Impulsée par la compagnie Fleur d’orange, «Action danse» se déroulera du 8 au 29 octobre à  Casablanca. C’est une manifestation multiple dont le but est la sensibilisation du public à  l’art, un peu négligé, de la danse et de la chorégraphie.

La première édition d’ «Action danse» se déroulera du 8 au 29 octobre à Casablanca. Dès qu’on aiguille son initiatrice, Hind Benali, sur le chapitre de la danse, ses yeux se mettent à pétiller de joie, elle est intarissable. Elle est habitée par cet art. On croirait qu’elle est tombée dans le chaudron de cette potion magique à la naissance.

Ce qui ne l’a pas dispensée d’un apprentissage rigoureux. D’abord, sous la houlette de Lahcen Zinoun, auquel elle se dit redevable de sa maîtrise de la danse classique, ensuite, à travers des stages qu’elle enchaîne afin d’affiner sa connaissance de la danse contemporaine. La danse étant un domaine inépuisable, Hind Benali passe le plus clair de son temps à s’abreuver à ses sources vives. Et c’est justement cette passion de la danse qu’elle voudrait faire partager.

Le pari est difficile. Car, la danse, art du corps, effraie les Marocains comme leurs dirigeants. Est-ce en raison des tabous liés à l’intime, à la sexualité, aux interdits et désirs cachés ? Les Marocains rechignent à se mouvoir hors de la sphère privée, quant aux responsables politiques, ils hésitent souvent à cautionner une manifestation axée sur la danse ou la chorégraphie. Hind Benali ne cesse de l’apprendre à ses dépens. Le ministère de la culture, à la porte duquel elle a frappé avec insistance, fait pour l’heure la sourde oreille.

Les sponsors, sollicités, ne se bousculent pas au portillon. Pendant que les administrations promettent mais ne semblent pas pressées d’honorer leurs engagements.
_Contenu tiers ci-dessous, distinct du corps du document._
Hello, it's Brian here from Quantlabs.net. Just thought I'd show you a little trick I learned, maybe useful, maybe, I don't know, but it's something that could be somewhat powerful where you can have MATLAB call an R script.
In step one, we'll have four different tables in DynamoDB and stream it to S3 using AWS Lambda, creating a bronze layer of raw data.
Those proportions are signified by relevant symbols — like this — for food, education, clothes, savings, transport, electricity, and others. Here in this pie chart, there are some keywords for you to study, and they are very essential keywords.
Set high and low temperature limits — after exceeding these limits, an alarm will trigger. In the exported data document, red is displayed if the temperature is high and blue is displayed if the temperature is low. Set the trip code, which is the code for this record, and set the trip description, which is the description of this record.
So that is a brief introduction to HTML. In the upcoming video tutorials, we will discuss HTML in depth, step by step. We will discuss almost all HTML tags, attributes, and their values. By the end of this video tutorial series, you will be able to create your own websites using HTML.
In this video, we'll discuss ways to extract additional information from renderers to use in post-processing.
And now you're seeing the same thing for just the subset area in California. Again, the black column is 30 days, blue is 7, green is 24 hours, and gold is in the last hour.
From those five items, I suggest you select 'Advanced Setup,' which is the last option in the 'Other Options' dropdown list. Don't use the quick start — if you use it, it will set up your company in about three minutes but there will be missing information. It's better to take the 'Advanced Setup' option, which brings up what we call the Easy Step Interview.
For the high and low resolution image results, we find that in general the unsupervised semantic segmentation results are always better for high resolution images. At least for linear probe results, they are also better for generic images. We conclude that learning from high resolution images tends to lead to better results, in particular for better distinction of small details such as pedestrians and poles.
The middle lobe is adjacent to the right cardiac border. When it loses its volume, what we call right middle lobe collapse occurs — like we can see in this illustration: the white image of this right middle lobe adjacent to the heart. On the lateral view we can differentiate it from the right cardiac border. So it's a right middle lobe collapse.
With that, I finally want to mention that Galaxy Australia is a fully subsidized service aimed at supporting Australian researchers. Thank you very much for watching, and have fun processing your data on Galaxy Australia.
Ce ne sont pas ces menus désagréments qui risquent de distraire Hind Benali du chemin qu’elle s’est tracé, celui de plaider la cause de la danse. Par l’acte.
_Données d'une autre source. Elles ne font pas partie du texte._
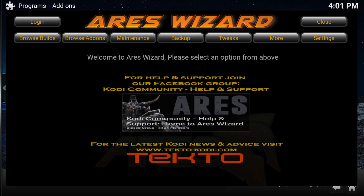The Aries Wizard is the easy way to install the best Kodi builds, add-ons, repos, etc. It comes with maintenance tools, tweaks, and more. This is probably the only wizard you will ever need to use.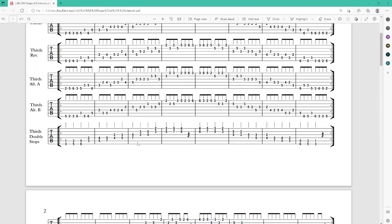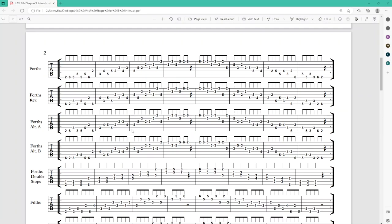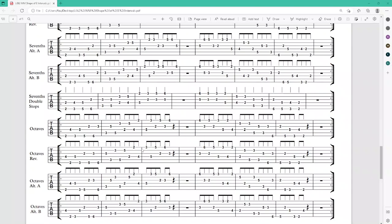As you go forward we have fourths — same kind of thing — fourths reversed, alternated A, alternated B, double stops, all the way to octaves.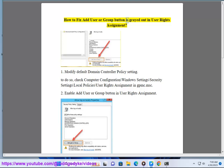How to fix Add User or Group button is grayed out in User Rights Assignment. 1. Modify default domain controller policy setting.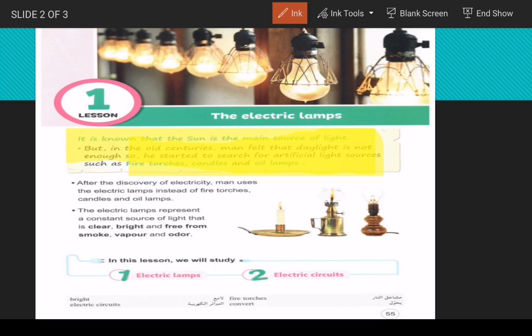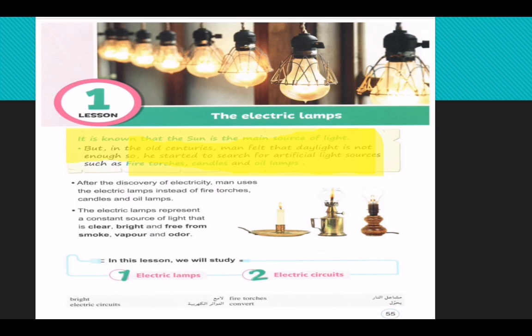After the discovery of electricity, man uses electric lamps instead of fire torches, candles, and oil lamps. Electric lamps represent a constant source of light that is clear, bright, and free from smoke, vapor, and odor.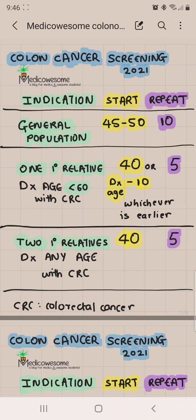You repeat the colonoscopy every 5 years. If you have two first-degree relatives diagnosed with colorectal cancer at any age, you start screening at the age of 40 regardless of what their age at diagnosis was, and you repeat the colonoscopy every 5 years. A first-degree relative is a parent, a sibling, or a child.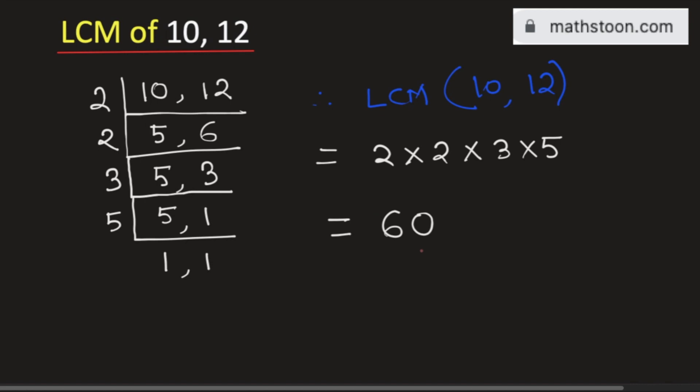So 60 is the LCM of 10 and 12 and this is our final answer. Thank you for watching.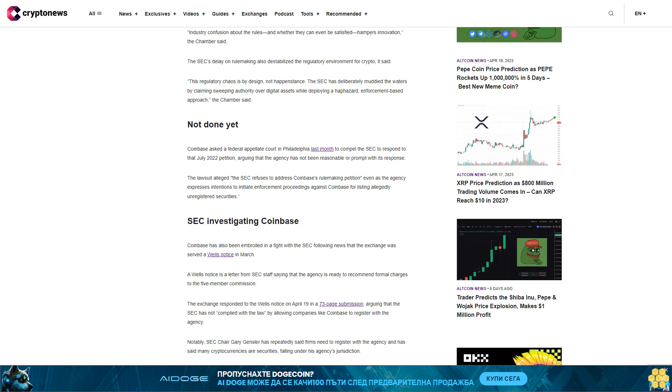Notably, SEC Chair Gary Gensler has repeatedly said firms need to register with the agency and has said many cryptocurrencies are securities falling under his agency's jurisdiction.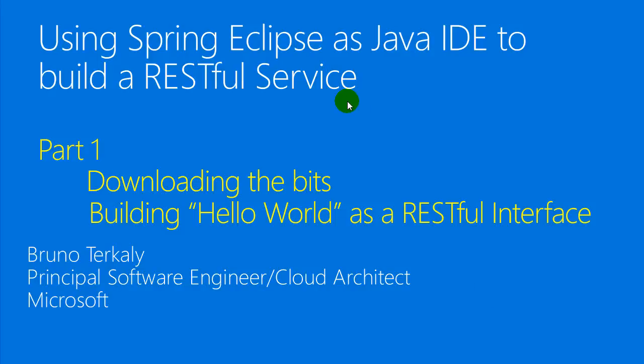This session is about using Spring Eclipse as a Java IDE to build a RESTful service. There are two parts here: downloading the bits for this product and then building out a hello world. Later we'll actually take this and containerize it and test it within a container.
Plus convivial, difficile d’imaginer ! Le programme de la première édition d’Action danse, intitulée significativement «un temps d’échange», déploie un éventail de rencontres, de têtes d’affiche et de tendances chorégraphiques réjouissantes. L’accent est mis sur la formation féconde. Enseignants de danse et danseurs confirmés pourront en bénéficier.
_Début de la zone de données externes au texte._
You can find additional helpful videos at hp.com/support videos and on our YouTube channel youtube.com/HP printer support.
Avec profit, si l’on en juge par la haute estime dans laquelle sont tenus les trois mentors : Martin Kravitz, Sidi Graoui, Sania Salou. Les novices n’auront qu’à se rendre dans l’une des écoles casablancaises de danse pour améliorer leurs performances et les jeunes des quariers déshérités ne seront pas oubliés, un enseignement est prévu à leur intention.

Pour assurer le spectacle, c’est l’Afrique qui a été élue, puisque ce sont le trio de Thabiso Pule et Thami Maneckela d’Afrique du Sud, la compagnie Baninga du Congo et le solo du Sénégalais Pape Ibrahim Ndiayé, qui se produiront au Complexe Touria Sekkat. Il n’y a plus qu’à entrer dans la danse.